The recent UN report (http://www.ipcc.ch/report/sr15/) on Global Warming of 1.5°C draws attention to the rapidly changing science on global climate change. It also underlines the imperative of bringing down carbon emissions to prevent catastrophic climate change through a 1.5°C overshoot. The report is clear that we are running out of time and decisive leadership is needed over the next 12 years to prevent such a dangerous shift in the Earth’s climate. We believe this report needs to be deliberated through an emergency sitting of parliament as it impacts on the future of all human and non-human life forms in South Africa and on the planet. This is a matter of national interest for all present and future generations and we would like you to consider this demand.

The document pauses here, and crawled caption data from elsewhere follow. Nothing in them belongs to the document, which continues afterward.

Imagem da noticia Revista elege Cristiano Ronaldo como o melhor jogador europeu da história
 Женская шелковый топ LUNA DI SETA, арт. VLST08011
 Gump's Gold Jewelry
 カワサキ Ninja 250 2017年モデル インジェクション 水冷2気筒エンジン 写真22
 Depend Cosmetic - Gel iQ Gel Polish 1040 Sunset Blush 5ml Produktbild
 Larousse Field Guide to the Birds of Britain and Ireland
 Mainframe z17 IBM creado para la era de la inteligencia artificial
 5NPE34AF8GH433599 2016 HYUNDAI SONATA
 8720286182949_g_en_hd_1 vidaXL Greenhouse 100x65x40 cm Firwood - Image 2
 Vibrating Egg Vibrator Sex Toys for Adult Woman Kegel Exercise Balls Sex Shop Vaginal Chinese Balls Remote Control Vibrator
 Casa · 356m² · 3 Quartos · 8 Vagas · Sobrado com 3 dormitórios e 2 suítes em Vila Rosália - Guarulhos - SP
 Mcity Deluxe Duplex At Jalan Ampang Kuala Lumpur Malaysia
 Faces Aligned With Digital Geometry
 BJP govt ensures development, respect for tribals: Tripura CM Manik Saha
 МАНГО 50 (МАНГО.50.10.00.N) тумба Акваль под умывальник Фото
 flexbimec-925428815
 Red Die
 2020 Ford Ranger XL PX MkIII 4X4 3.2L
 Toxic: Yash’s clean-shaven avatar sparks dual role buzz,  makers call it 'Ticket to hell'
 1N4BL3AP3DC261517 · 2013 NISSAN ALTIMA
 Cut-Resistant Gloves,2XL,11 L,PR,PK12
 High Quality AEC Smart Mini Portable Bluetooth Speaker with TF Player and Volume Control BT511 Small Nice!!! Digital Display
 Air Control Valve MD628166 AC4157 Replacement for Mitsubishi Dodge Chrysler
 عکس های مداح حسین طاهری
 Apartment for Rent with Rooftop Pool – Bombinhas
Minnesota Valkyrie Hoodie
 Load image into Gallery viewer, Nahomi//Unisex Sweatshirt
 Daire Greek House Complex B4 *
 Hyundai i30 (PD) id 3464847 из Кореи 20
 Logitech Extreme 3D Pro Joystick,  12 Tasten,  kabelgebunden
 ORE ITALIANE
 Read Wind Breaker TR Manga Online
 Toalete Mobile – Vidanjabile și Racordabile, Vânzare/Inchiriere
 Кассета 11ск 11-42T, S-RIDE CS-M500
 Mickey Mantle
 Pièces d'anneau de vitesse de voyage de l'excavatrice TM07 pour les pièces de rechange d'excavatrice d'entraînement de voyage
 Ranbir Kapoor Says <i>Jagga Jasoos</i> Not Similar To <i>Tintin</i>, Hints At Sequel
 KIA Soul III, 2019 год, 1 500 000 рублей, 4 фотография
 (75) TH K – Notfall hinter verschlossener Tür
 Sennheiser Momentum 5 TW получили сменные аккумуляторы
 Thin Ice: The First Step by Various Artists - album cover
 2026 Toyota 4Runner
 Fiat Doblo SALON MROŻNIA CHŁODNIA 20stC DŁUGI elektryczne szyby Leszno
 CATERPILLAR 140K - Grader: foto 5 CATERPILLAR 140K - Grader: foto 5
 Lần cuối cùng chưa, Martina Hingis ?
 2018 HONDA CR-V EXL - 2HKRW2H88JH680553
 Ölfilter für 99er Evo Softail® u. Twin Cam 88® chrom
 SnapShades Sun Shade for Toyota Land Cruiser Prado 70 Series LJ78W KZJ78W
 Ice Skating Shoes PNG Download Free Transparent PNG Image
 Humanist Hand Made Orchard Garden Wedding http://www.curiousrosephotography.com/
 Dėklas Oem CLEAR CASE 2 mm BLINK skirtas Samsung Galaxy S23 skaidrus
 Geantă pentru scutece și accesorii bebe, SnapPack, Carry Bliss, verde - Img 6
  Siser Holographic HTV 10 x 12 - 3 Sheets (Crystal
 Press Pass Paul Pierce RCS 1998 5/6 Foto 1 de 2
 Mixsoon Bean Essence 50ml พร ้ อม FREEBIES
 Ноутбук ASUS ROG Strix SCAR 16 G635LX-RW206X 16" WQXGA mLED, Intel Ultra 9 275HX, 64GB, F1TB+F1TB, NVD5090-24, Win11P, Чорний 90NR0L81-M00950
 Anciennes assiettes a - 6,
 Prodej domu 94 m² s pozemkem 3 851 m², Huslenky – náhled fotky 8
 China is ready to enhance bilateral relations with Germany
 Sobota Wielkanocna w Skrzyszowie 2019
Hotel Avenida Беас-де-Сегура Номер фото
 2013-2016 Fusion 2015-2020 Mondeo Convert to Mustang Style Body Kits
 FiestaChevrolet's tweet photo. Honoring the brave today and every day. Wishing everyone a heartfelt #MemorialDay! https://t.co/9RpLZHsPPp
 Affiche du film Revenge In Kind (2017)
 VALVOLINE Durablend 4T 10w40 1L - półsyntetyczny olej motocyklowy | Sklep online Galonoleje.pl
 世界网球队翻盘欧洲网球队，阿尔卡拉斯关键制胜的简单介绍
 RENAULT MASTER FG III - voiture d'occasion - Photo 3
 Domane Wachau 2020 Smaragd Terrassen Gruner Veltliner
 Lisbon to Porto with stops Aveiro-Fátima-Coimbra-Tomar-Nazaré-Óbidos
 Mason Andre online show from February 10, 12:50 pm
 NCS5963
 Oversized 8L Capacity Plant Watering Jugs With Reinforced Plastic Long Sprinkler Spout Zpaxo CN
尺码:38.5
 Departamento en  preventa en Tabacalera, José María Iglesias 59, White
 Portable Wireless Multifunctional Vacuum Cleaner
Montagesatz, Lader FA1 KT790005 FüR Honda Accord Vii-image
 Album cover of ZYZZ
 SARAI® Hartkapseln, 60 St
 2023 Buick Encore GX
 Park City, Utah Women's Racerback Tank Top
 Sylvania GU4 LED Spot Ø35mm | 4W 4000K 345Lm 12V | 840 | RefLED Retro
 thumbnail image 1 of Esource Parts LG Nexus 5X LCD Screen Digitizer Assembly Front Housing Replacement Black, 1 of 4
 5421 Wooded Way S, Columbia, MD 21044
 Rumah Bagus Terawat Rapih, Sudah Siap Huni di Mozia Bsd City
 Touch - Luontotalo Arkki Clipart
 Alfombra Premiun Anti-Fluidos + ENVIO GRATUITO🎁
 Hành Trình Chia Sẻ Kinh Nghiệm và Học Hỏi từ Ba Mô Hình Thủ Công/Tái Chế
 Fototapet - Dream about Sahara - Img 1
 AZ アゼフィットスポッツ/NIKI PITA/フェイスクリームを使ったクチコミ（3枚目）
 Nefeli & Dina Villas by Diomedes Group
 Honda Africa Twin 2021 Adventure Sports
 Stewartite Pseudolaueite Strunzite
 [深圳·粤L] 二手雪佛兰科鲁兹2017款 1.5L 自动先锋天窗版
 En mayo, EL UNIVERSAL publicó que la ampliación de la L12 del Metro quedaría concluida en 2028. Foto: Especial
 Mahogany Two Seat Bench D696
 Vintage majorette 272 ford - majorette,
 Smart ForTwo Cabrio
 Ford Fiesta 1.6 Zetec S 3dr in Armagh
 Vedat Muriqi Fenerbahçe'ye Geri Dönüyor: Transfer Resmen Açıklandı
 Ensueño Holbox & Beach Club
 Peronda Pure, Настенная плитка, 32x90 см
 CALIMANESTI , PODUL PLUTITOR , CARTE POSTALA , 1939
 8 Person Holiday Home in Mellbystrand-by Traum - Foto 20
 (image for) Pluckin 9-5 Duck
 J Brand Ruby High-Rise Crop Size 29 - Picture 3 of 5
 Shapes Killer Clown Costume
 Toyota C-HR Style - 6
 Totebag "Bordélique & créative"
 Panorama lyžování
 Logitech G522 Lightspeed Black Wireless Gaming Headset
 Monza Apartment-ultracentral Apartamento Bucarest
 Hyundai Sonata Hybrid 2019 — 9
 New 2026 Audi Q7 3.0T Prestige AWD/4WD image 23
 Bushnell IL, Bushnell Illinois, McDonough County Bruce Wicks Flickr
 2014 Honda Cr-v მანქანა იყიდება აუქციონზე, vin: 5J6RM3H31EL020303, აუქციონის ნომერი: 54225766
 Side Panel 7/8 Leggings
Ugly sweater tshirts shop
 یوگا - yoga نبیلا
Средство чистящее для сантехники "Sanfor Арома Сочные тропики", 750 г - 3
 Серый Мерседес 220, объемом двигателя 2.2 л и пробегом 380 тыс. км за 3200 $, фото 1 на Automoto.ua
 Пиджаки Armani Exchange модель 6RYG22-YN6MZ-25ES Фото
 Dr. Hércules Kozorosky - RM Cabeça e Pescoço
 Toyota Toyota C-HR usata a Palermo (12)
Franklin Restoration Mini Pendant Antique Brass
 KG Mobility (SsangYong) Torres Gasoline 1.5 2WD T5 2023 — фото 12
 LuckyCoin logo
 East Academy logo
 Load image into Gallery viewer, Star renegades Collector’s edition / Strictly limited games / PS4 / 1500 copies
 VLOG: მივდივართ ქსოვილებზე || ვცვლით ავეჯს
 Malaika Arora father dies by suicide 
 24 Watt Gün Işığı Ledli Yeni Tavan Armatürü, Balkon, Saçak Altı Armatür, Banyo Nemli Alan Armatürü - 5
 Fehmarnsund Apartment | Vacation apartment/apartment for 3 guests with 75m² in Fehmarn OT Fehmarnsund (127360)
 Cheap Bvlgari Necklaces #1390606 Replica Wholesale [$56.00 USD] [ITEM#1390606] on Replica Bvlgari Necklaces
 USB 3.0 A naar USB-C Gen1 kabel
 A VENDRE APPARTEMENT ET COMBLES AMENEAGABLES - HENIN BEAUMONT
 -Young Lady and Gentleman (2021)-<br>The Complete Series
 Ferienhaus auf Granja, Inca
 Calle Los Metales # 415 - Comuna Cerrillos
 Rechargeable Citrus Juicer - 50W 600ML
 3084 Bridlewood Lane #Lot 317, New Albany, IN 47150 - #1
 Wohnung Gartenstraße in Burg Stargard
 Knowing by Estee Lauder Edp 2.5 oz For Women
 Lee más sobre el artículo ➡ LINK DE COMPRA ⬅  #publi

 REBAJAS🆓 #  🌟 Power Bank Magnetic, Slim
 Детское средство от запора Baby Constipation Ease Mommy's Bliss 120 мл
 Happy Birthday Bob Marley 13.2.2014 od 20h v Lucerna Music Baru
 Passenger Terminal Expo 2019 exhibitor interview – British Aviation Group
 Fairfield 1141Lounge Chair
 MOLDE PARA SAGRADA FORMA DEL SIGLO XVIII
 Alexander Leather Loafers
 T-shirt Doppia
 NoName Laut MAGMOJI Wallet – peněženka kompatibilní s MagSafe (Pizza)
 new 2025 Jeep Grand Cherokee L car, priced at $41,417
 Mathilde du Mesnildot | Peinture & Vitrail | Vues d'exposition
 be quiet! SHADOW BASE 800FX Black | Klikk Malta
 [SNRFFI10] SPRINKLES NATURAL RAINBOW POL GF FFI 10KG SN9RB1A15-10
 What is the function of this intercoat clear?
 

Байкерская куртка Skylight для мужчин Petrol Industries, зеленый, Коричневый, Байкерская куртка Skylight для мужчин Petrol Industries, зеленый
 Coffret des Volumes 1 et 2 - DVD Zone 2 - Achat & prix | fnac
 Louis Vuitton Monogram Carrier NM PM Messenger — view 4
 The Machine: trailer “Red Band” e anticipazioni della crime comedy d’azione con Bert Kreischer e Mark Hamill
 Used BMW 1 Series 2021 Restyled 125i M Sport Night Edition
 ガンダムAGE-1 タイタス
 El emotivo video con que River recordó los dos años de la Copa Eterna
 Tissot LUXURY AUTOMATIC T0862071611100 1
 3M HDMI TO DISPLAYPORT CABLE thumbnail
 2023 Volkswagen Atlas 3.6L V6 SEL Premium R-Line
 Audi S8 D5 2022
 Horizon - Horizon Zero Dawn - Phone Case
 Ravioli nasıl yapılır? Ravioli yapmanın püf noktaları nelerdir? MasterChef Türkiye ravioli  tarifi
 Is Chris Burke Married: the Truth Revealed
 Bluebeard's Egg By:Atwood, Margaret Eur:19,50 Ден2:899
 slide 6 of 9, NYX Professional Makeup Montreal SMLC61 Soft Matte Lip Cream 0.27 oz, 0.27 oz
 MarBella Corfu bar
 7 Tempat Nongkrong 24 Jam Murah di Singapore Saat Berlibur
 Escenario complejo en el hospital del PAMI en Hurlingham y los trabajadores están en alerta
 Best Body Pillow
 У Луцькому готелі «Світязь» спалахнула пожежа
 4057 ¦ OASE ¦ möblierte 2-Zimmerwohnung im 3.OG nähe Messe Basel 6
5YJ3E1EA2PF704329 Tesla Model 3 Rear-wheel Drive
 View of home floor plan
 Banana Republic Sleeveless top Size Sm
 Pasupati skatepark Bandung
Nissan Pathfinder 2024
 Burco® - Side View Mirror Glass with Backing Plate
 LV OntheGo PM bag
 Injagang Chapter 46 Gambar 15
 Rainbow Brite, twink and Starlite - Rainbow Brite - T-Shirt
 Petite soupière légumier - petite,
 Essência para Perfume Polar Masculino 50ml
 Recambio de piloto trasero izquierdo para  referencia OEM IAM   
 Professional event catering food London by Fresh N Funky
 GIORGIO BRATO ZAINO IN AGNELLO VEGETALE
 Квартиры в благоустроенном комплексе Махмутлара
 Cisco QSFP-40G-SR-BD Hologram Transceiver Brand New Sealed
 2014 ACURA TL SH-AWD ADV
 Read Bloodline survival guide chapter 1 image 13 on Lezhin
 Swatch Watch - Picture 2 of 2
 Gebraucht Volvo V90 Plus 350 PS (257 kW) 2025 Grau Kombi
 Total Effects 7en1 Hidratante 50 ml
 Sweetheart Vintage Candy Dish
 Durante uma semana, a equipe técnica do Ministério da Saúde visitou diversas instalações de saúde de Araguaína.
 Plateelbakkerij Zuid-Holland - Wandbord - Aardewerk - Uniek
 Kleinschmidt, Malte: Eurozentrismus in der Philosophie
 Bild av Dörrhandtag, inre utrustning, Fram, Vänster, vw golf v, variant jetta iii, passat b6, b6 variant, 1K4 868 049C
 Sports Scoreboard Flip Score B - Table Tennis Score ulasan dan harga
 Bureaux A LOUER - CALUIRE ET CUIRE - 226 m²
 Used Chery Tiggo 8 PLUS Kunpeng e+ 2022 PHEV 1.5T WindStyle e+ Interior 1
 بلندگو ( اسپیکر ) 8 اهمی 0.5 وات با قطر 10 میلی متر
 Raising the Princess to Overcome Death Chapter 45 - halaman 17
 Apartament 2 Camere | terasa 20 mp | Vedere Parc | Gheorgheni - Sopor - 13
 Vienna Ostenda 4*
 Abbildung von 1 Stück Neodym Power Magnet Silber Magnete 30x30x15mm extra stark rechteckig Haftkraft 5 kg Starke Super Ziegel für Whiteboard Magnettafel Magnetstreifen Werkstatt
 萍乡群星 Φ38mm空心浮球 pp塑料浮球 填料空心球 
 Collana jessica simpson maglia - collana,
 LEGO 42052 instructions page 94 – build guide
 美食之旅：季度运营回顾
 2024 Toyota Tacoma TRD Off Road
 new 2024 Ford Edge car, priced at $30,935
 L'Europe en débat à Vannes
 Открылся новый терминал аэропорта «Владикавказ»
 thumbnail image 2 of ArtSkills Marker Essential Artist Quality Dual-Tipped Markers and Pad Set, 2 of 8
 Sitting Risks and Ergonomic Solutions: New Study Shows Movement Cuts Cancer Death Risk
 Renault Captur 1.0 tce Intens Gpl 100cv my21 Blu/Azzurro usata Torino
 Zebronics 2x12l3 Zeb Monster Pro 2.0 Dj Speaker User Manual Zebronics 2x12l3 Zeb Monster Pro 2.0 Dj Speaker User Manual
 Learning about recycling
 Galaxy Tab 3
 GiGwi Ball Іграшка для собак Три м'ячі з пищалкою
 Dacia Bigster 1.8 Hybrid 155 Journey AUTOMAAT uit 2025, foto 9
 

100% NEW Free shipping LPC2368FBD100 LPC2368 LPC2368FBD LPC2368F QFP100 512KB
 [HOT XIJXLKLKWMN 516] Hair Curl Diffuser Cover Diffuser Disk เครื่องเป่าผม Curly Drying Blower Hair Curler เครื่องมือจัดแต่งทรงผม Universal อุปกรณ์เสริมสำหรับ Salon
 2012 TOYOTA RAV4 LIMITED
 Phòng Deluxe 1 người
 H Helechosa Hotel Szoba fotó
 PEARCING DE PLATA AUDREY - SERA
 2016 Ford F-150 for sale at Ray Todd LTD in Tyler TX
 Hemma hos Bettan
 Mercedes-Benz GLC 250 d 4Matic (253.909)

We also believe this parliamentary sitting must consider the implications of the UN report for ensuring South Africa is placed on a climate emergency footing through the following:
· Adjusting its peak, plateau and decline scenarios, which are out of step with the current science on a 1.5°C increase. Drastic reductions in carbon emissions are required now;
· Adjusting the Integrated Resource Plan by removing the ceiling on renewable energy to enable an accelerated shift to socially owned renewable energy;
· Amending the Climate Bill to ensure people driven sustainable development planning is enabled;
· Going beyond government’s ‘death spiral’ of ESKOM approach to restructuring ESKOM to protect the interests of workers while prioritising an end to the climate driven ‘death spiral of society’ through advancing the deep just transition;
· Immediately ending all new investment in coal mining and fracking;
· Scrapping the existing National Development Plan and developing, in a bottom up manner, a Climate Emergency Plan for South Africa as part of the deep just transition to advance the water, food, energy, production, consumption, transport, financial and health systems that will sustain life.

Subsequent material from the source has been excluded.